Member of the Louisiana House of Representatives from the 36th district
- In office February 16, 2005 – January 11, 2016
- Preceded by: Dan Flavin
- Succeeded by: Mark Abraham

Personal details
- Born: Charles Edward Kleckley December 1959 (age 66) Lake Charles, Louisiana, U.S.
- Party: Republican
- Alma mater: McNeese State University (BS)
- Occupation: Politician, Businessman

= Chuck Kleckley =

American politician

Charles "Chuck" Kleckley is an American politician who represented District 36 of the Louisiana House of Representatives from 2005 to 2016 and served as the 67th Speaker of the Louisiana House of Representatives from 2012 to 2016.

Kleckley was born in Lake Charles, Louisiana, and graduated from LaGrange High School. He earned a Bachelor of Science in Finance from McNeese State University in 1993. In recognition of his achievements and contributions, McNeese State University conferred upon him an honorary Doctor of Humane Letters degree during the 160th commencement ceremony.

Prior to his election to the Louisiana House of Representatives, Kleckley served on the Calcasieu Parish Police Jury from 2000 to 2005 and was its president in 2003. During his tenure in the House, he chaired the House Insurance Committee and was a member of numerous commissions, councils, and committees including the State Bond Commission, Revenue Estimating Conference, Joint Committee on the Budget, and Joint Capital Outlay and House Executive Committees.

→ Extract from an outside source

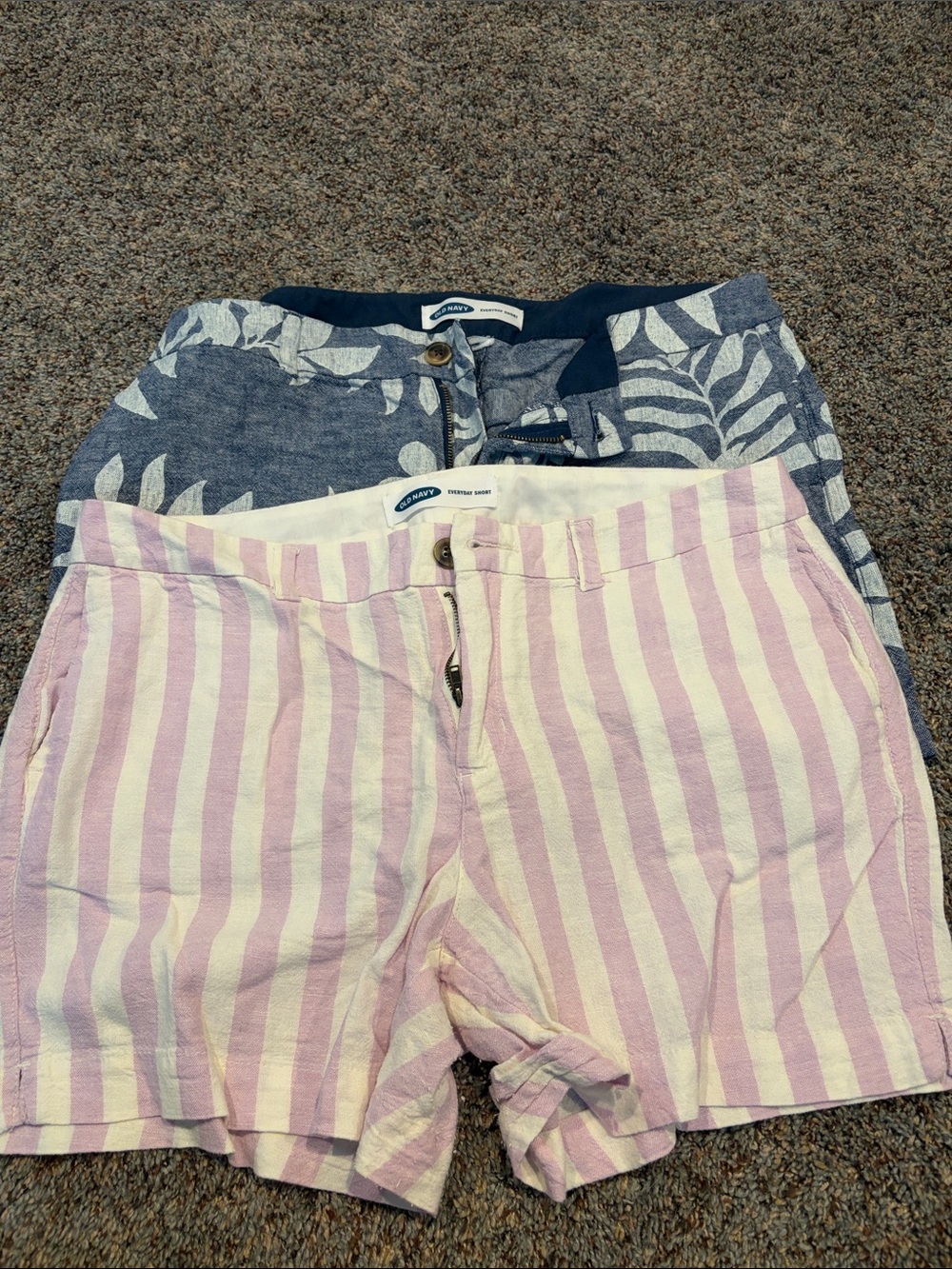 Old Navy -2 pairs linen blend shorts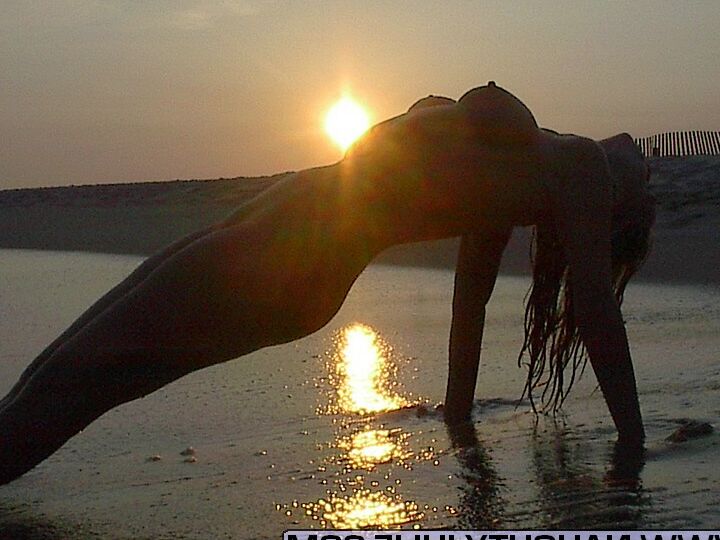 16P Loira amadora Naughty Julie remove trajes de malha para ótimas poses nuas no surf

Kleckley was a strong supporter of road improvements in Southwest Louisiana and worked to enhance the transportation system. He advocated for higher education, improved Louisiana’s insurance and business climate, and protected healthcare funding. He also led efforts to secure state funding for a new Health and Human Performance Education Complex at McNeese State University that opened in 2018.

In 2012, there was an attempt to recall Kleckley from office due to his support for public education reforms. The effort failed to collect enough signatures. He then asked that the Ethics Board not impose fines on the teachers for their attempt.